Faktor lain yang dinilai lebih menyehatkan adalah kadar kalsium dalam tempe yang lebih tinggi, serta lemak jenuh dan kandungan garam yang jauh lebih rendah. Berdasarkan penelitian, vitamin B12, prebiotik, dan zat antikanker juga terkandung di dalam tempe.

Tempe yang menjadi makanan tradisional asal Indonesia secara turun menurun ini pun mulai diproduksi di berbagai negara. Tidak hanya memakai bahan kedelai, para peneliti kini berusaha membuat tempe dari berbagai biji-bijian yang lebih mudah ditemukan di tiap negara.

Itulah yang dilakukan oleh Amadeus Driando Ahnan-Winarno dari Indonesia Tempe Movement. Doktor muda yang besar di keluarga ilmuan pangan ini, bersama kakeknya, Prof. Winarno, dan ibunya, Wida Winarno mendirikan laboratorium penelitian untuk meneliti berbagai kacang-kacangan alternatif pembuatan tempe. Biji-bijian yang diteliti antara lain yakni kacang tanah, kacang hijau, dan biji chia.

Di dalam laboratorium yang dikelola puluhan tenaga profesional di Bogor, Jawa Barat, ini nutrisi tempe dihitung. Proses penelitian berawal dari percobaan menyatukan ragi dengan biji dan kacang yang akan difermentasi. Setelah menemukan formula yang tepat, tahap selanjutnya adalah meneliti kandungan nutrisinya.

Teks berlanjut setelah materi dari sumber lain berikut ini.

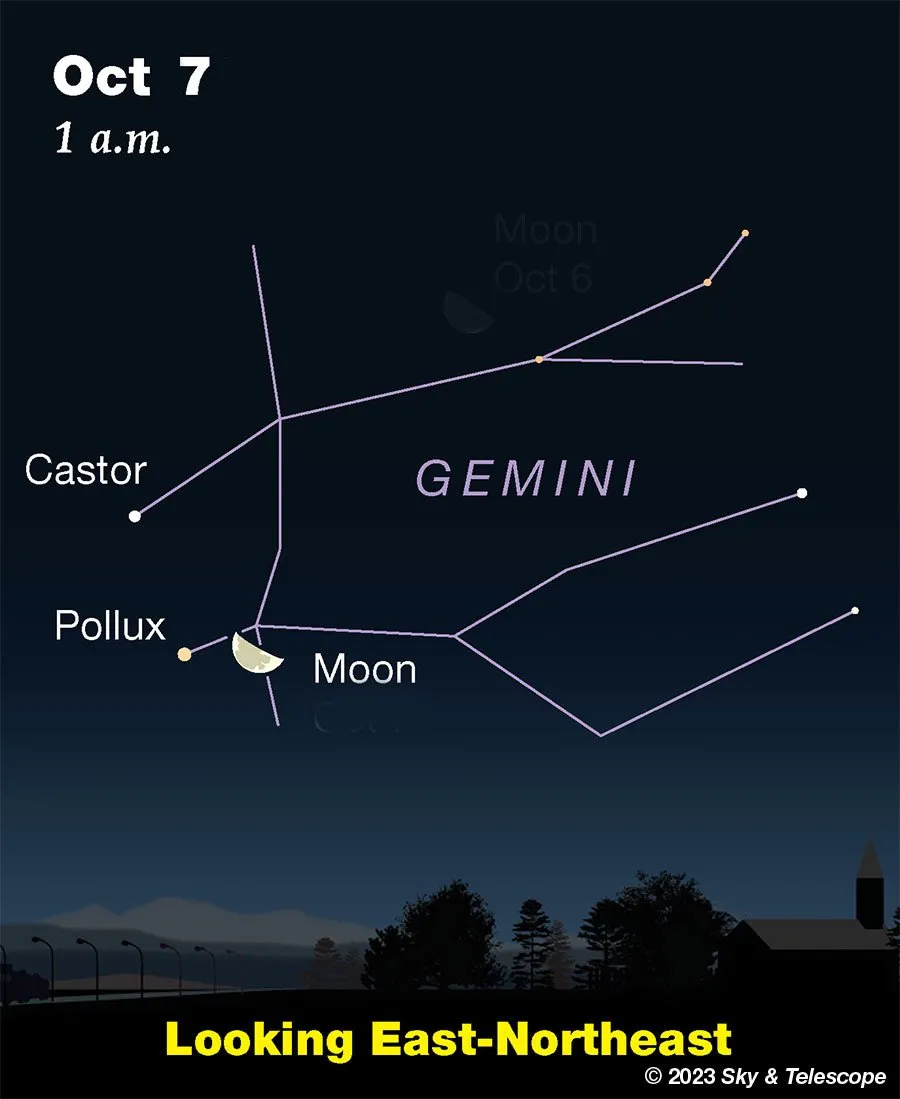 آسمان هفته سوم مهر 1402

Riset dan penelitian ini dilakukan dengan tujuan keberlangsungan pangan di setiap daerah dan negara. Apalagi kedelai tidak bisa ditanam di berbagai daerah dengan berbagai iklim. Ia berharap penelitiannya ini bisa membuat tiap negara memproduksi tempe dengan bahan dasar yang tersedia lokal.

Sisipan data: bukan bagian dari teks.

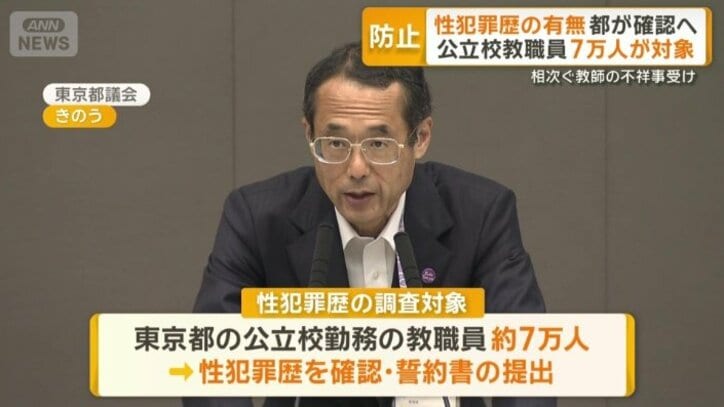 公立校教職員7万人が対象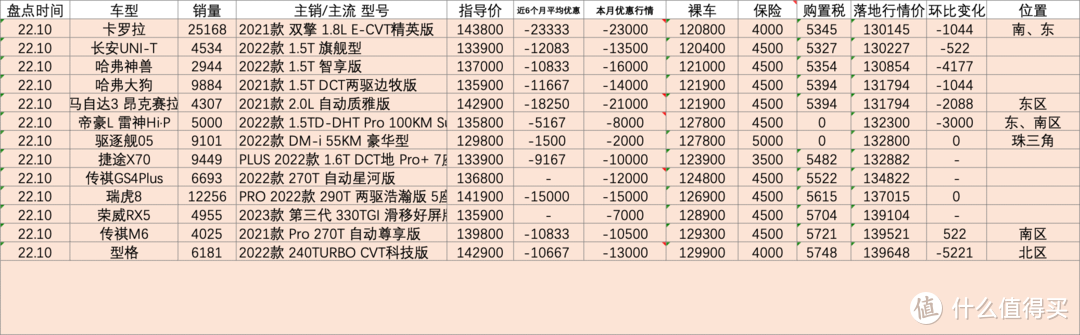 百车盘点：2022年10月盘点汽车销量排行榜行情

“Saya punya visi supaya negara-negara di dunia punya tempe sendiri dengan kacang lokal supaya nanti pergerakannya tidak terdesentralisasi. Itu mimpi utama,” ujar Driando.

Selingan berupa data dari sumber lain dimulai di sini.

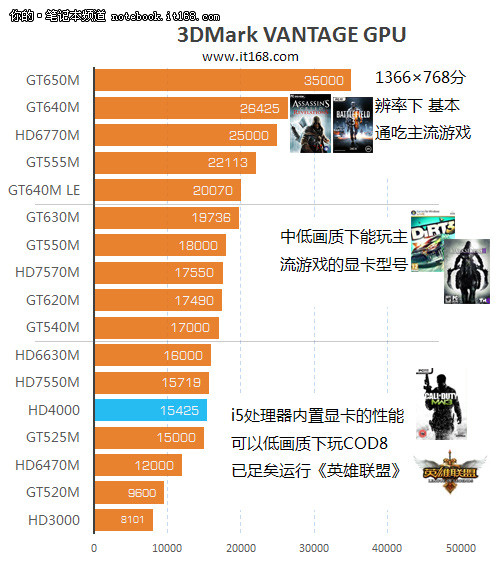 性能与性价比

Melokalkan tempe di berbagai negara

Sejauh ini, tempe sudah dikenalkan ke lebih dari 20 negara, 13 di antaranya sudah dikunjungi secara langsung oleh Tempe Movement. Mereka juga bekerja sama dengan warga Indonesia yang tinggal di luar negeri. Tempe diolah menjadi makanan dan kemudian diberikan ke warga. Tempe Movement bersama produsen lokal membuat variasi rasa sesuai dengan rasa lokal sehingga lebih bisa diterima warga setempat.

Setelah warga menyukainya, barulah mereka menyampaikan informasi mengenai nutrisi tempe. Selain nutrisi, produksi yang ramah lingkungan juga disampaikan untuk menarik minat warga.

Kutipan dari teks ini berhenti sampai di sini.